Rioting yoof aren't the only UK miscreants to be rapped unexpectedly hard over the knuckles this Summer. Also in front of the beak was communications service provider TalkTalk which has just received a £2.5 million fine from Ofcom for mugging its own customers. By Ian Scales.
Like the rioters - a couple just got four-year prison sentences for inciting violence via Facebook - TalkTalk claims to be a bit gobsmacked by the severity of its sentence. “We’re disappointed at the scale of the fine and feel that it is a disproportionate penalty," the UK press reports Chief executive Dido Harding as having said, displaying the same wounded innocence exhibited by the rioters. "But we will pay it," he said manfully, "and hopefully we can now draw a line in the sand on this matter.”
Indeed. After all, it was only a little bit of theft and we didn't mean nuffing by it.
In 2009 TalkTalk Merged Tiscali UK into its operations and in 2010 switched 1 million customers into its billing system in the process.

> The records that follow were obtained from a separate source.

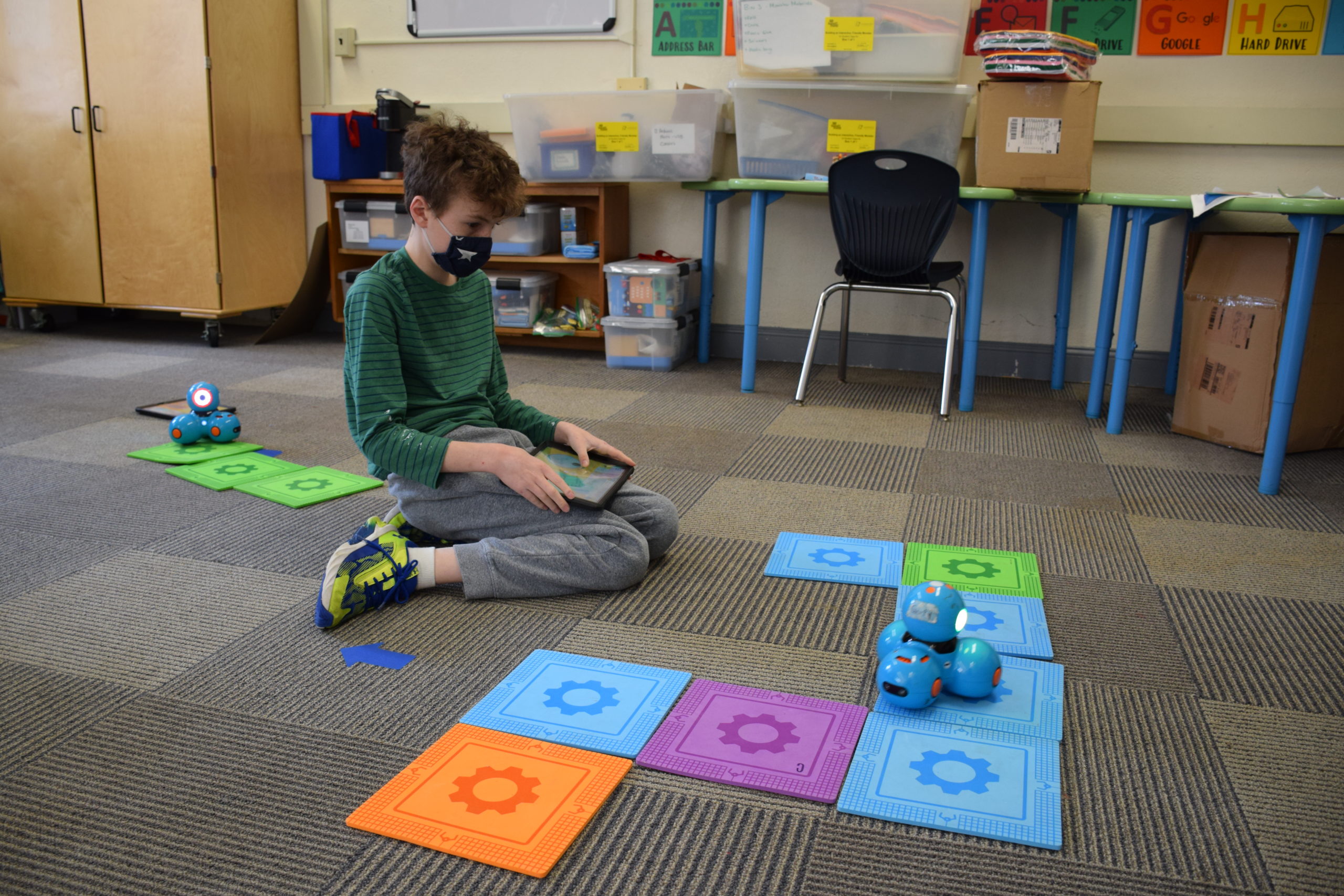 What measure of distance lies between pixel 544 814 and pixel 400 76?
11.7 ft

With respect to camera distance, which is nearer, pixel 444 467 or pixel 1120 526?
pixel 444 467

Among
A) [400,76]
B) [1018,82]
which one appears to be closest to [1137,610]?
[1018,82]

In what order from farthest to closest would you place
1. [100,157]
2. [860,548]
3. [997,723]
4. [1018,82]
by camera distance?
[100,157] → [1018,82] → [860,548] → [997,723]

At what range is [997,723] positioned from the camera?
1211 millimetres

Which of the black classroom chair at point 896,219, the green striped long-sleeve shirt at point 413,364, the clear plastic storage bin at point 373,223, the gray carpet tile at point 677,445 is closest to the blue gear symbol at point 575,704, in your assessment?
the green striped long-sleeve shirt at point 413,364

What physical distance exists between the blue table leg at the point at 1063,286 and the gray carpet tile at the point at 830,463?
1104 mm

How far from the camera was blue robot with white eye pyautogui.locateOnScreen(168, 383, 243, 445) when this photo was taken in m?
2.37

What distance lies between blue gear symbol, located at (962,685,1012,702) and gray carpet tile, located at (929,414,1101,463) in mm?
1305

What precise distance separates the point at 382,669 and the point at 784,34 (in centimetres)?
256

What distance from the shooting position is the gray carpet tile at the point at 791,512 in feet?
6.28

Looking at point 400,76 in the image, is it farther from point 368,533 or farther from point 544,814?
point 544,814

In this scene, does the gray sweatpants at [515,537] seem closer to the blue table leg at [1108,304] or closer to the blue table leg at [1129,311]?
the blue table leg at [1129,311]

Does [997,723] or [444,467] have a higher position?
[444,467]

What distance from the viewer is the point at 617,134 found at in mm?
3461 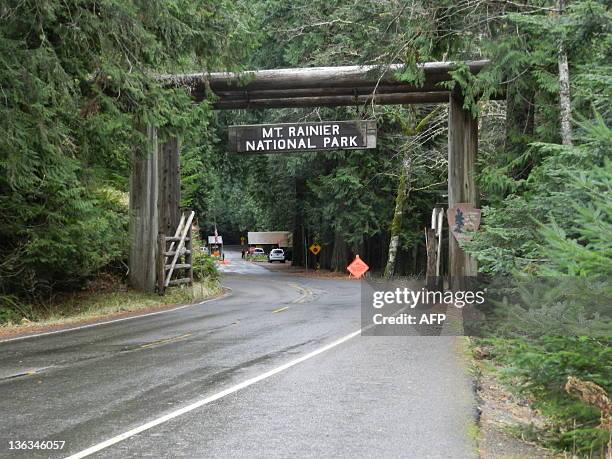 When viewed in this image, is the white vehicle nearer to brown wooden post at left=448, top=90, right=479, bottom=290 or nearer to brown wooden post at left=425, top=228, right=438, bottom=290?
brown wooden post at left=425, top=228, right=438, bottom=290

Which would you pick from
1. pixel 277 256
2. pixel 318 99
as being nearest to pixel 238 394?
pixel 318 99

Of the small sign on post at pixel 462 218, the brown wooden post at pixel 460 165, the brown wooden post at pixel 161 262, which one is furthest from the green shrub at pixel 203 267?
the small sign on post at pixel 462 218

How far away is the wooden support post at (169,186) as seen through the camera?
23.1m

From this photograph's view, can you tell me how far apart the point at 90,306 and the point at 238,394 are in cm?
1196

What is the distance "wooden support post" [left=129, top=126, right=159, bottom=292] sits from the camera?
21.4 metres

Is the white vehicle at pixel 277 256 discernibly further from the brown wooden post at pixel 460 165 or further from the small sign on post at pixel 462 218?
the small sign on post at pixel 462 218

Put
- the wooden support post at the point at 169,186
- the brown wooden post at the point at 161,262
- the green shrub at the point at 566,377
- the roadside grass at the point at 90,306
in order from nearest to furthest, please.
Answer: the green shrub at the point at 566,377 → the roadside grass at the point at 90,306 → the brown wooden post at the point at 161,262 → the wooden support post at the point at 169,186

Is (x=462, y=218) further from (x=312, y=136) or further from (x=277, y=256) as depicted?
(x=277, y=256)

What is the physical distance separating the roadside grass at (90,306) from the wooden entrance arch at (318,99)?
913 mm

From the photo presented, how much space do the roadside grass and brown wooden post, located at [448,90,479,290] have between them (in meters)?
8.47

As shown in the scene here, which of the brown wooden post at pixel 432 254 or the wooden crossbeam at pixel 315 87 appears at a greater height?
the wooden crossbeam at pixel 315 87

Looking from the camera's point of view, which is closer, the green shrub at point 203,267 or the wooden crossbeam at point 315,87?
the wooden crossbeam at point 315,87

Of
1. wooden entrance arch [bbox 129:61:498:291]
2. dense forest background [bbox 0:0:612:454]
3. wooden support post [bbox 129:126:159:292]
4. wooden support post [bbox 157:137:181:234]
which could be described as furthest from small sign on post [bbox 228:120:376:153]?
wooden support post [bbox 157:137:181:234]

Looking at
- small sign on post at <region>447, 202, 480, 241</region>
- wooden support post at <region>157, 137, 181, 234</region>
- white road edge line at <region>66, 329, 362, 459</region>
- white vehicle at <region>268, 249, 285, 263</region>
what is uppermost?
wooden support post at <region>157, 137, 181, 234</region> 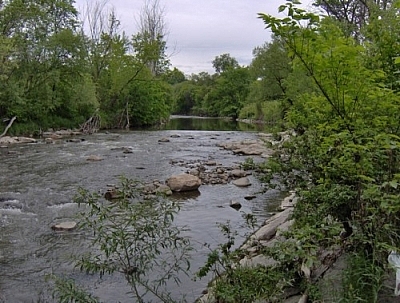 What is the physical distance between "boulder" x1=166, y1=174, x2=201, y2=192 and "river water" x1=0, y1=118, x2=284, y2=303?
44 centimetres

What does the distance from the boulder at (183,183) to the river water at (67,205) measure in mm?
438

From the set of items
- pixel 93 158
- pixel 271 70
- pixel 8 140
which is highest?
pixel 271 70

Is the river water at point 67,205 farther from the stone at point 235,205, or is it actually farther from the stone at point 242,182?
the stone at point 242,182

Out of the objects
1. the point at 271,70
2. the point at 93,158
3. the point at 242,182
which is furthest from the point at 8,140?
the point at 271,70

But by July Ofcom had opened an investigation into TalkTalk having received over 1000 complaints from customers who claimed to be billed for services they hadn't used. It quickly told TalkTalk that it had to fix the problem by December 2010 - or else.
TalkTalk set about making fixing noises, but still managed to wrongly bill another 3000 customers after the deadline had passed, hence the well-deserved fine.
In fact TalkTalk managed to charge up to 65,000 customers for services they had cancelled. That's 65 thousand attempts at relieving its customers of money it wasn't owed. Ofcom said the fine - the biggest ever imposed by the UK regulator - reflected the severity of the offense. It might have added - in keeping with the general public mood - that it wanted to send a clear signal to the community that such behaviour wouldn't be tolerated.
As TalkTalk had already paid out £2.5 million in customer compensation, the fine will bring its total losses from the fiasco to over £5 million plus the loss of an even greater amount of customer goodwill.